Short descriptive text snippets
◆ ◆ ◆ ◆
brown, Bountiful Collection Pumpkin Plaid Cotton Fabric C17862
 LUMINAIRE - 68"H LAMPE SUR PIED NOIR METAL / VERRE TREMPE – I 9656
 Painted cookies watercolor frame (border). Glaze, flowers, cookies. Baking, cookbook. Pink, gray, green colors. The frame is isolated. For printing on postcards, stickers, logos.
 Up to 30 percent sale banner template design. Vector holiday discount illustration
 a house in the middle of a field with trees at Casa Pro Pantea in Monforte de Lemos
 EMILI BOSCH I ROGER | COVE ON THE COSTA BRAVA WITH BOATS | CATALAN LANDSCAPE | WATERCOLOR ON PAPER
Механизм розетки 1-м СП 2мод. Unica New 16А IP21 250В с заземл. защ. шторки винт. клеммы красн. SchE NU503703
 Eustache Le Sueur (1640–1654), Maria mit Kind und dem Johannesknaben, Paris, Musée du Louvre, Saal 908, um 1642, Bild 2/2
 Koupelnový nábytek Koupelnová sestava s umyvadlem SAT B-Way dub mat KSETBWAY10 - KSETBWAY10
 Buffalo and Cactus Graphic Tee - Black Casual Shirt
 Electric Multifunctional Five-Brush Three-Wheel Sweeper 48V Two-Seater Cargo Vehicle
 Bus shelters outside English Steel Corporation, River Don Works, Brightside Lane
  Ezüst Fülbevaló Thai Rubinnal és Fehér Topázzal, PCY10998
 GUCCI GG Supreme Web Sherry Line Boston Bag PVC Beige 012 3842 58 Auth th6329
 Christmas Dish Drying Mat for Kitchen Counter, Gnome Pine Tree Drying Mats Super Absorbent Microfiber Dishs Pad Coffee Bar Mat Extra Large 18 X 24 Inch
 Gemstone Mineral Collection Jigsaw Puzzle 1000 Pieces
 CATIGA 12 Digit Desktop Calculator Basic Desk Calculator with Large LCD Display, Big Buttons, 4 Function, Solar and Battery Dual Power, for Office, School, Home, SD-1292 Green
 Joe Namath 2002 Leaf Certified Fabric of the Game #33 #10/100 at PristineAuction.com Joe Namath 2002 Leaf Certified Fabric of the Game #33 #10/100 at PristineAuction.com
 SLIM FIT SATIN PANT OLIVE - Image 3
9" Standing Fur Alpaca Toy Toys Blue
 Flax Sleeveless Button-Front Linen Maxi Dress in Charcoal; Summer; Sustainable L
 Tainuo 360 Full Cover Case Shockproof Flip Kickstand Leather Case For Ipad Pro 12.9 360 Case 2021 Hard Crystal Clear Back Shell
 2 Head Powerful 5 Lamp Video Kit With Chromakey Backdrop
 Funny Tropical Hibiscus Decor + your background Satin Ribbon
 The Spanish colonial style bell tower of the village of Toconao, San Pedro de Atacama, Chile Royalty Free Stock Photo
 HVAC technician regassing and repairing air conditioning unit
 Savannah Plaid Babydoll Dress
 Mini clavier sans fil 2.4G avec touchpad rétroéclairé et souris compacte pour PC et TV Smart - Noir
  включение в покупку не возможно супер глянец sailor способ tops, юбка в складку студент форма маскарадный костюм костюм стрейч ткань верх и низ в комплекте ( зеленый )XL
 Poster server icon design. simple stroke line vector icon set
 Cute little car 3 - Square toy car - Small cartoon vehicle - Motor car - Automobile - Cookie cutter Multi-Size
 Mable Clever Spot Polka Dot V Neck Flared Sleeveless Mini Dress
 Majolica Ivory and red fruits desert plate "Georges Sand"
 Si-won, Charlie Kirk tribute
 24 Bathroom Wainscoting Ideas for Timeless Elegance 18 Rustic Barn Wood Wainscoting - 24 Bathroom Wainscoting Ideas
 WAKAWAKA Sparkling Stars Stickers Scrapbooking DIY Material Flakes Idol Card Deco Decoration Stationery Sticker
◆ ◆ ◆ ◆
> _What you will do_:
Find the lines that mention "Mini" in the entries and show them.

> _Output of the task_:
 Mini clavier sans fil 2.4G avec touchpad rétroéclairé et souris compacte pour PC et TV Smart - Noir
 Mable Clever Spot Polka Dot V Neck Flared Sleeveless Mini Dress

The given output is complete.